Stochastic hybrid systems involve the interaction of continuous discrete and probabilistic dynamics, and thus pose considerable conceptual, theoretical, and practical challenges. In this chapter an overview of the modeling issues that arise in the study of stochastic hybrid systems is presented. Based on this discussion, a study of the problem of reachability analysis for stochastic hybrid systems is presented.
Nondeterminism in hybrid systems
Deterministic and nondeterministic models
Much of the work on hybrid systems has focussed on deterministic models that completely characterize the future of the system without allowing any uncertainty. In practice, it is often desirable to introduce uncertainty in the models, to allow, for example, under-modeling of certain parts of the system, external unmodeled disturbances, etc. To address this need, researchers in discrete-event and hybrid systems have introduced what are known as nondeterministic models. Here the evolution is defined in a declarative way (the system specifies what solutions are allowed) as opposed to the imperative way more common in continuous dynamical/control systems (the system specifies what the solution must be).

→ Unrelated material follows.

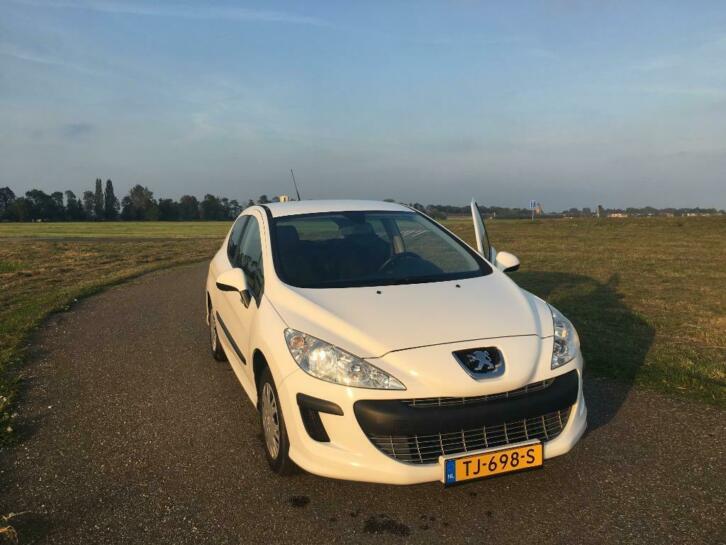 Peugeot 308 1.4 VTI 16V 3-DRS 2011 Wit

Nondeterministic hybrid systems allow uncertainty to enter in a number of places: choice of continuous evolution (modeled, for example, by a differential inclusion), choice of discrete transition destination, or choice between continuous evolution and a discrete transition. “Choice” in this setting may reflect disturbances that add uncertainty about the system evolution, but also control inputs that can be used to steer the system evolution.